Vettori continues to juggle his varied responsibilities admirably. He's been a match-winner and a decision-maker who has barely had a blip in form.
McCullum has earned his right to bat at the top of the order, especially with a stable finisher like Styris lurking further down.
Few bowlers have avoided the meat of Taylor's blade, although his next step is to improve his one-day conversion rate. He reaches at least 50 every four innings, but only one in six of those innings see him go on to a century.
In addition, Guptill has been an inspired choice over the past year with his gift for timing, although he needs to avoid throwing his wicket away after getting starts. With the ball, Shane Bond remains the great hope for the sub-continent.
His pace and accuracy is a must in what could well be his swansong.

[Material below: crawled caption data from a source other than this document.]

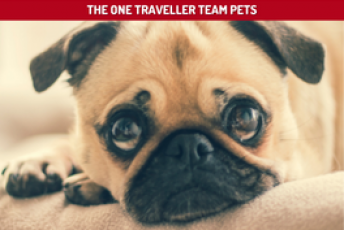 Choosing the right care for your pet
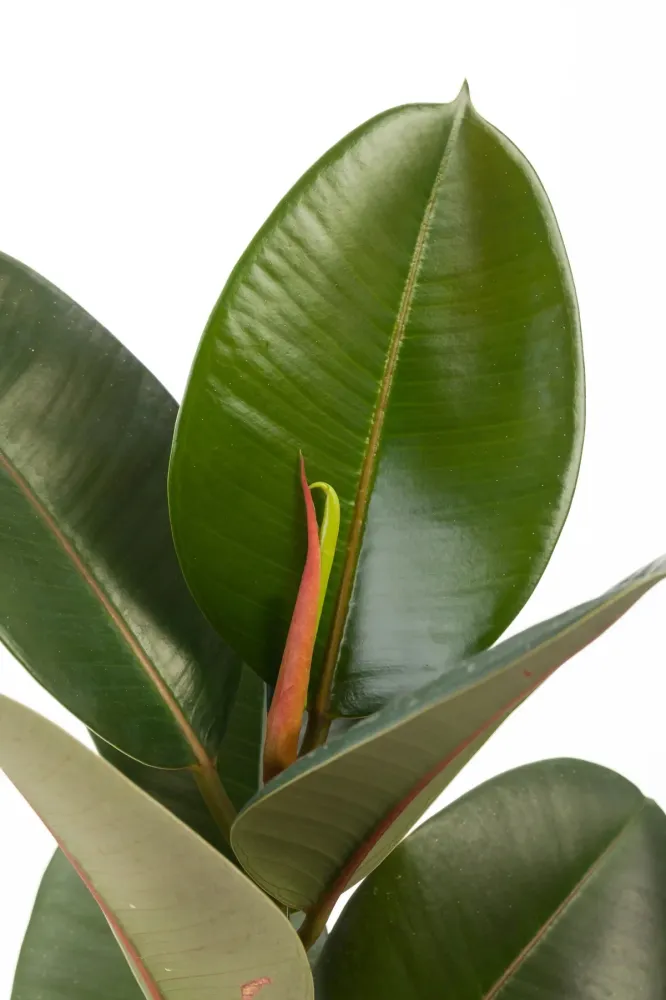 Ficus elastica ‘Robusta’ (Rubber Plant 'Robusta')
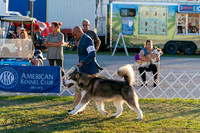 20250828-DSC08656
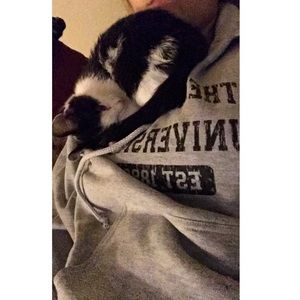 Meet your Posher, Sam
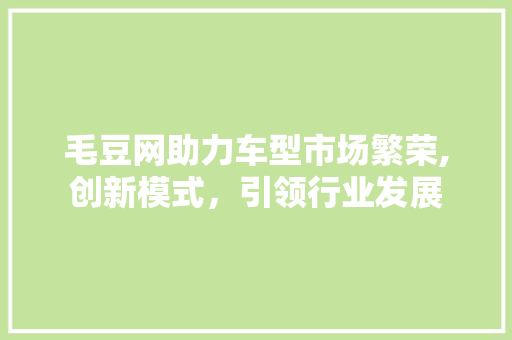 毛豆网助力车型市场繁荣,创新模式，引领行业发展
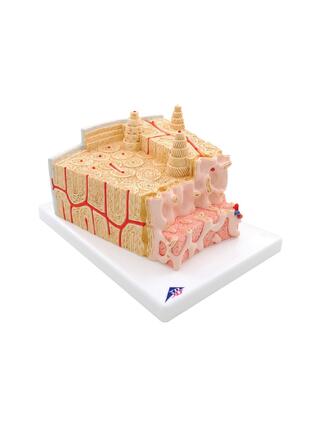 Tissu osseux au microscope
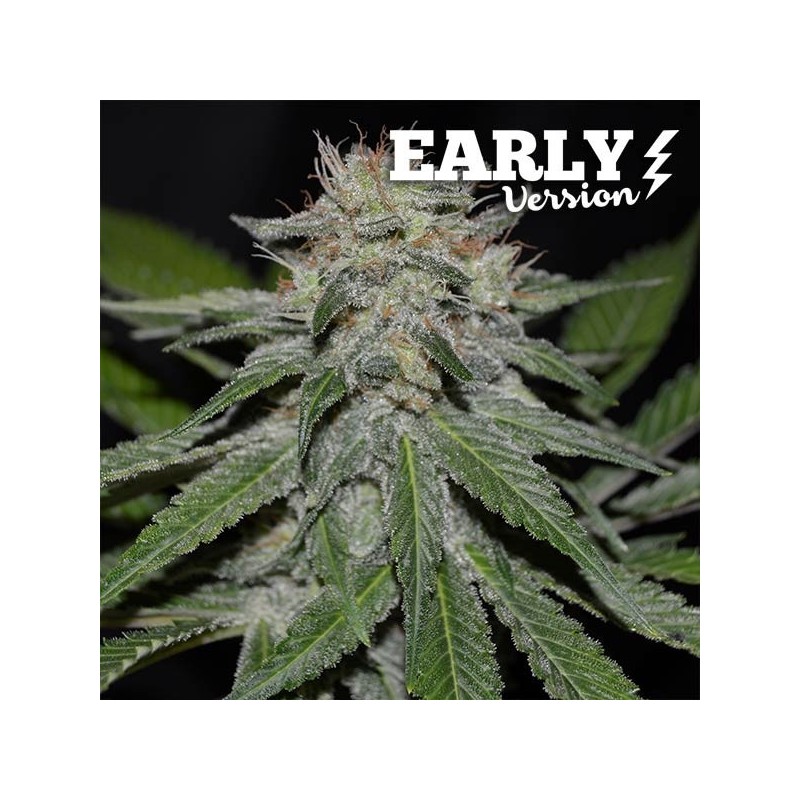 CRITICAL NEVILLE HAZE EARLY VERSION · Delicious · cannabis seeds · Fem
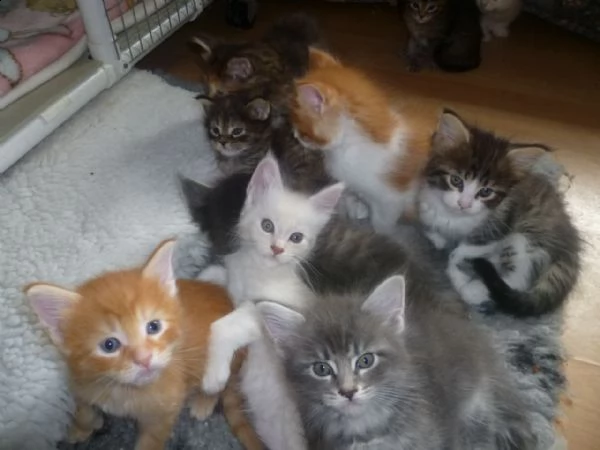  regalo splendido cuccioli maine coon   maschi e femmine di maine coon sia brown tabby che red tabby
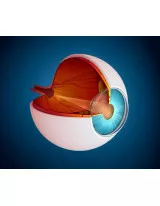 Age-related Macular Degeneration Market by Type and Geography - Forecast and Analysis 2021-2025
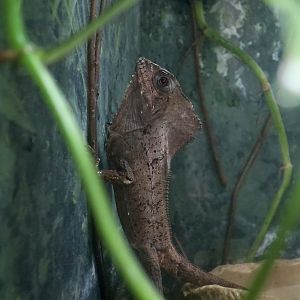 Smooth Helmeted Iguana (	Corytophanes cristatus)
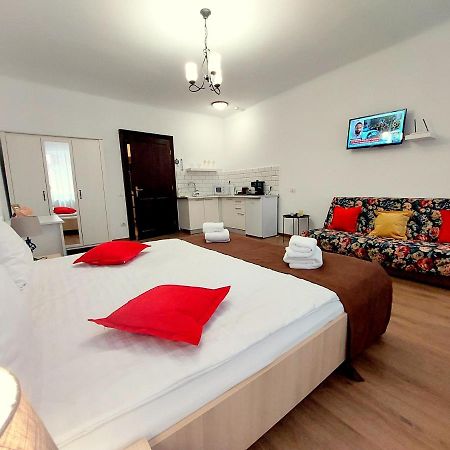 Casa Roth Apartment Брашов Екстериор снимка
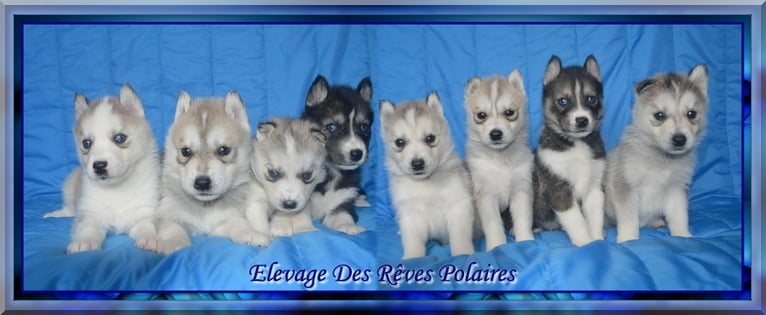 des rèves polaires - Siberian Husky - Portée née le 28/10/2013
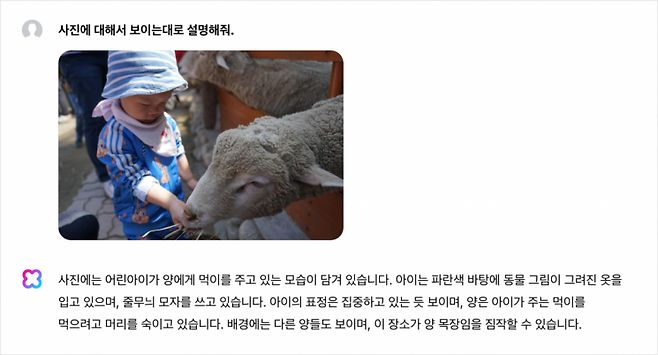 ?????????????X 비전 기능 예시 [이미지=네이버]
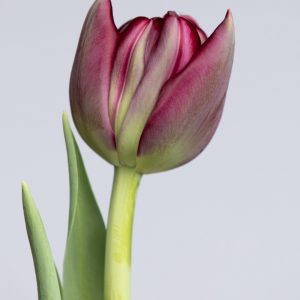 Single tulip turning from green to red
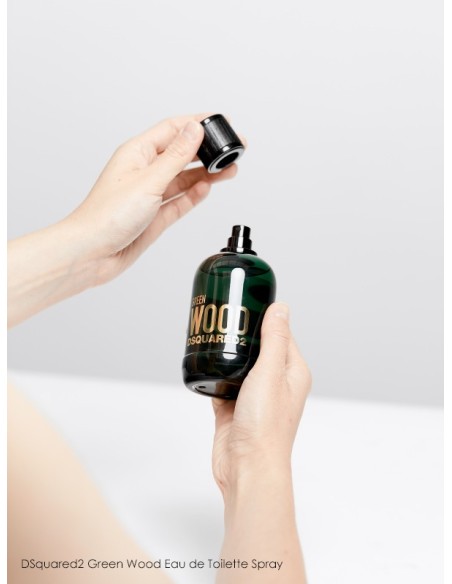 Dsquared2 Green Wood Eau De Toilette 100 ml (man)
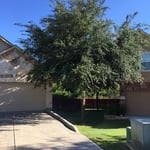 tree trim - before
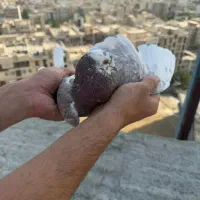 کبوترپرشی غریب گیری برج
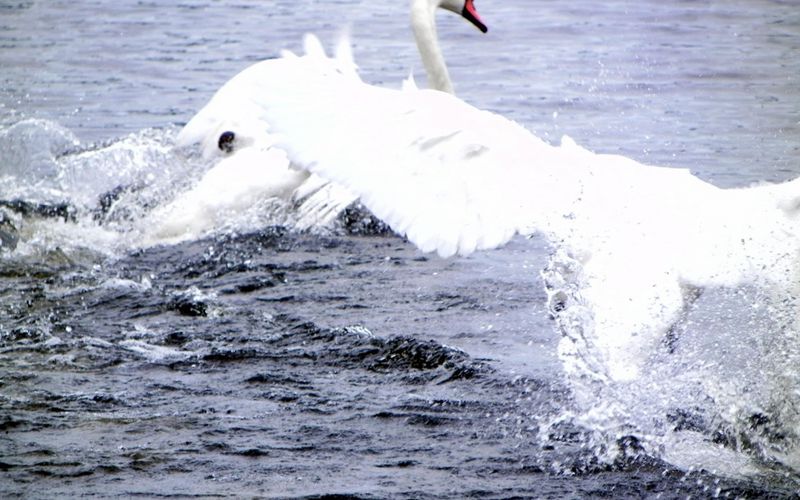 le cygne énervé du jour !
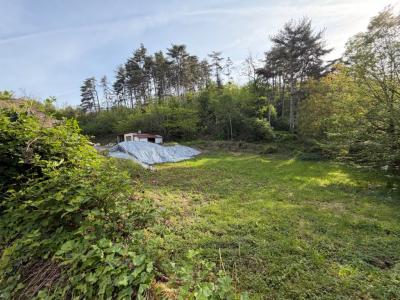 Annonce Vente Terrain Creusot 71
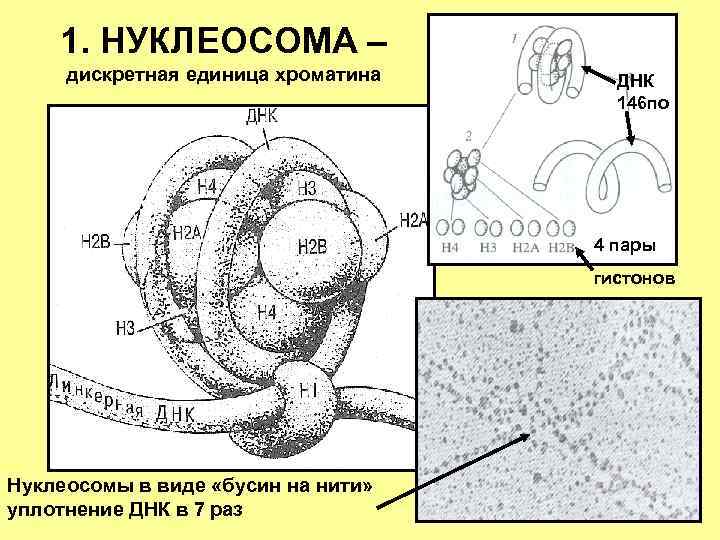 1. НУКЛЕОСОМА – дискретная единица хроматина ДНК 146 по 4 пары гистонов Нуклеосомы в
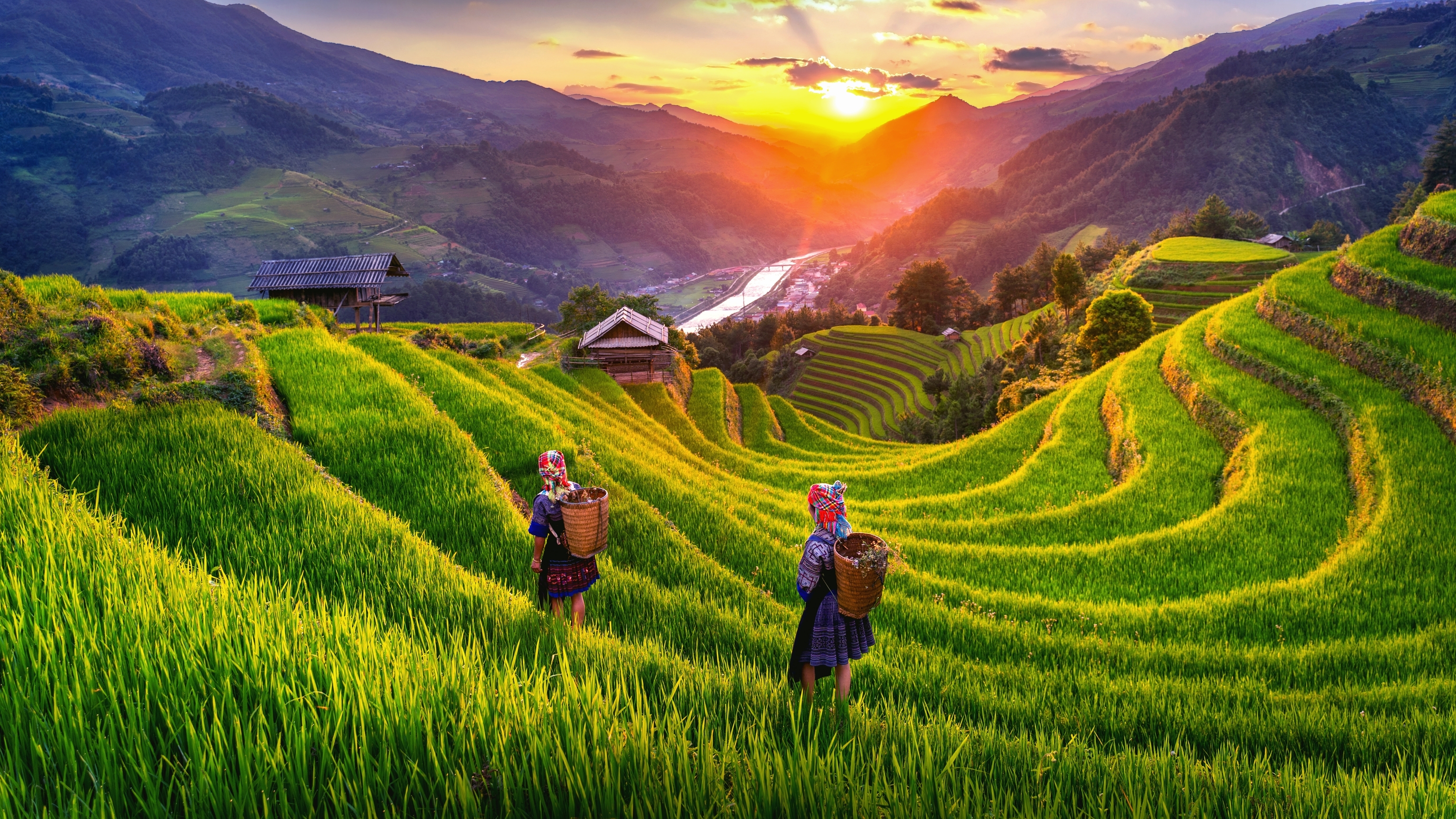 Los arrozales de Vietnam.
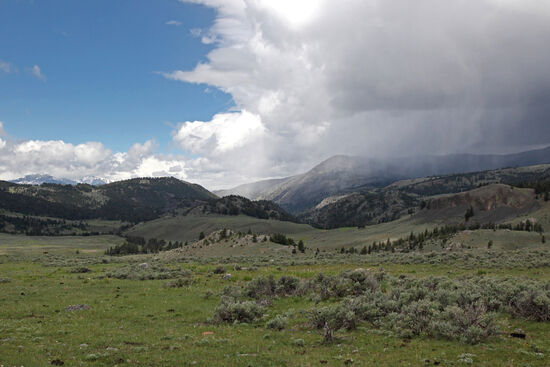 Stay or go?
Was tut man, wenn ein garstiger Schneeschauer mitten in einer ausgedehnten Wanderung aufzieht. Stehenbleiben? Rennen? Einfach weiterlaufen? Wir entschieden uns mehrmals an diesem Tag für letzteres. Und jedesmal zog der Schneeschauer knapp an uns vorbei. Yellowstone verschonte uns von grösserem Unbill.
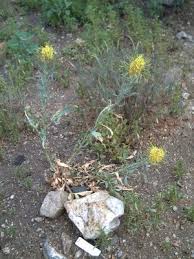 Image result for Cineraria pinnata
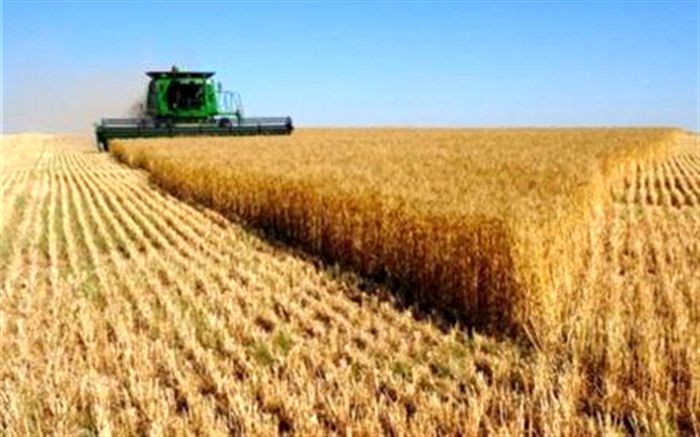 ۱۲ میلیارد دلار برای بخش آب و خاک کشاورزی کشور هزینه شد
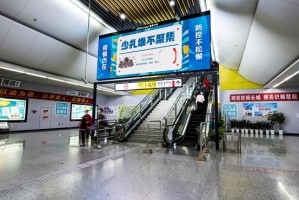 重庆市疫情公告权威发布渠道汇总，官方平台与实时查询指南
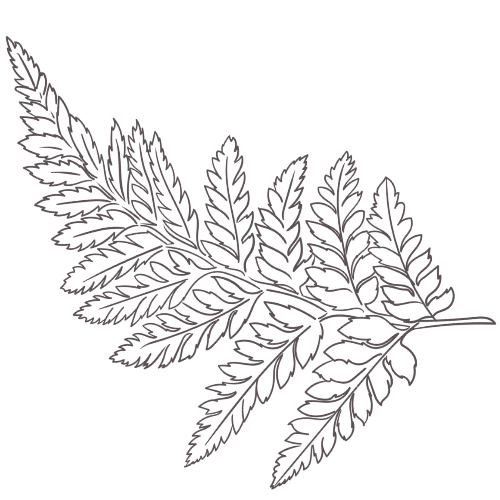 Mannat Hindustan Bio Organic Pvt Ltd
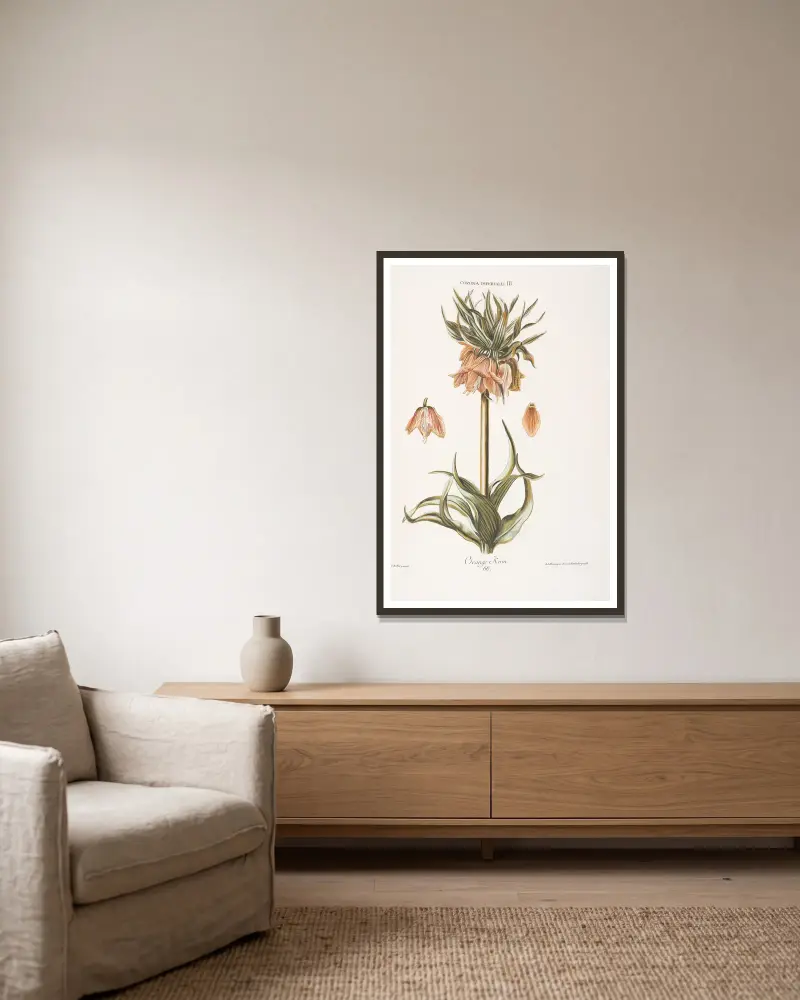 Corona Imperialis III. Orange Kron von Christoph Jakob Trew gerahmt an einer Wand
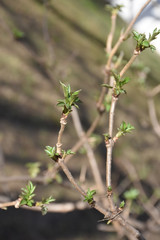 Elderberry, young leaves sprouted on a thin twig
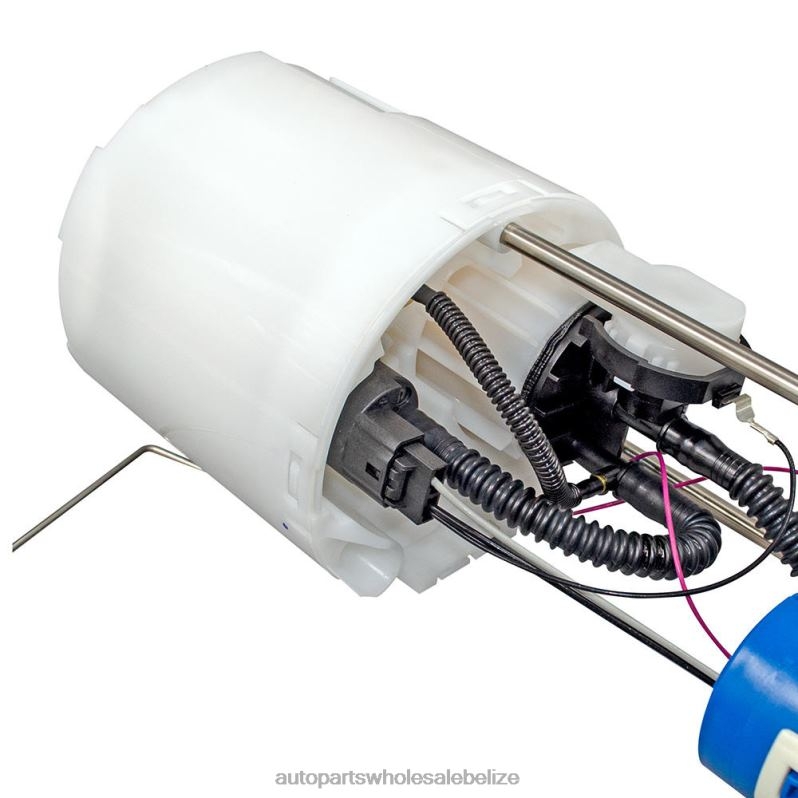Fuel Pump Module E2581M SP2470M BC2Z-9H307-A for Ford 8JZ6H815 - Car Parts Belize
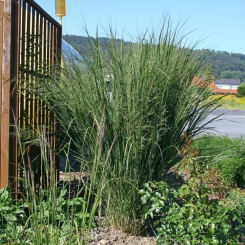 Panicum ( Zierhirse ) - virgatum Northwind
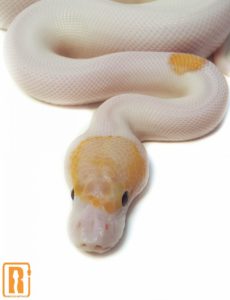 Banana Pinto Pied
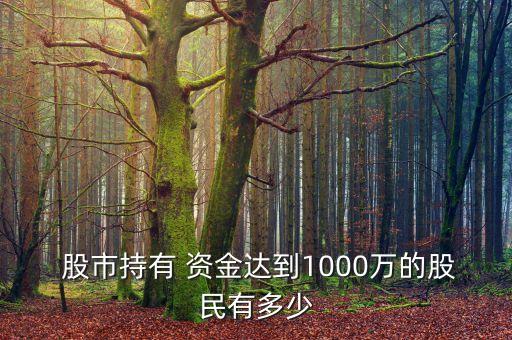  股市持有 資金達(dá)到1000萬(wàn)的股民有多少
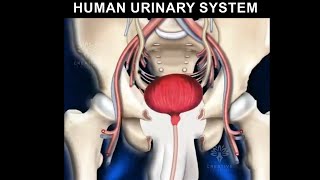 How urinary system works in human body Urine formation animation [upl. by Allred]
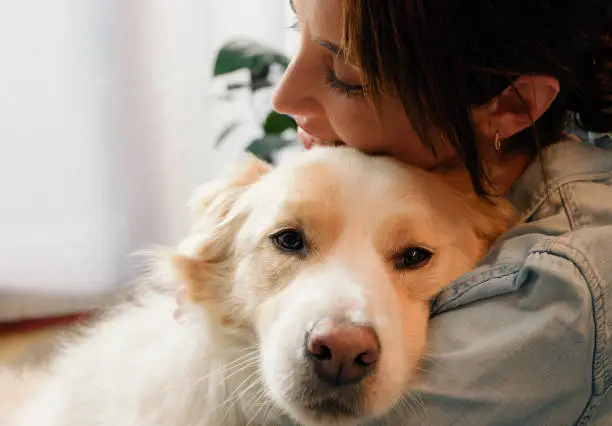 Mujer, perro y abrazo en casa con conexión amorosa como mejor amigo para apoyo emocional, consuelo o abrazo. Persona femenina, golden retriever y dueña de mascotas con cuidado de animales o relajarse, juntos o acogedores Mujer, perro y abrazo en casa con conexión amorosa como mejor amigo para apoyo emocional, consuelo o abrazo. Persona femenina, golden retriever y dueña de mascotas con cuidado de animales o relajarse, juntos o acogedores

So a Black Caps World Cup squad could look like this, based on form and assuming all candidates are fit and available.
It is also assumed McCullum will not keep wickets unless in emergency: McCullum, Jesse Ryder, Guptill, Taylor, Oram (as a batsman), Williamson, Styris, Vettori, Kyle Mills, Bond, Southee, Watling, Hopkins and Daryl Tuffey. Not selected at this stage : Ingram, Aaron Redmond, Franklin, Broom, Ian Butler, Andy McKay, Chris Martin.